■ TASK TO COMPLETE
From the listing below, copy only the lines from the line that contains "中层干部任前廉政谈话内容" to the line that contains "Lang clip-on prøveklemme", counting those two lines as part of the copy.

■ ENTRIES PROVIDED

__________________________________________________

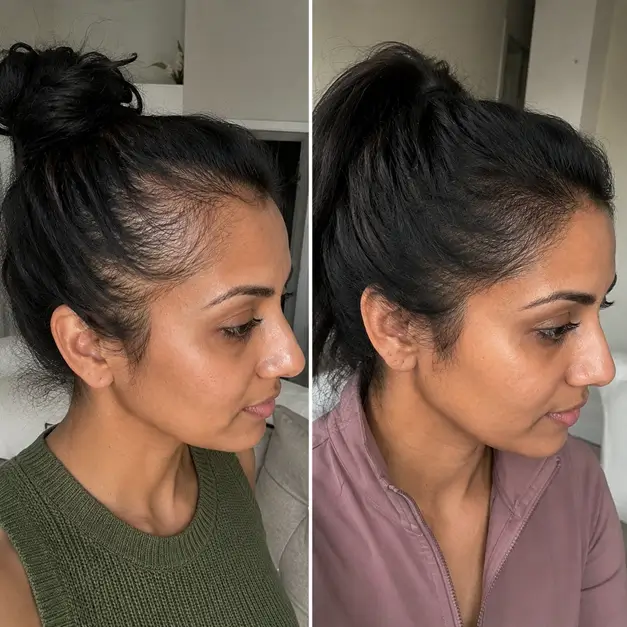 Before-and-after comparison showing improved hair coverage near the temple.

__________________________________________________

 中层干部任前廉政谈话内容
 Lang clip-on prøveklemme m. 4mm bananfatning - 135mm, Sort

__________________________________________________

■ ANSWER
 中层干部任前廉政谈话内容
 Lang clip-on prøveklemme m. 4mm bananfatning - 135mm, Sort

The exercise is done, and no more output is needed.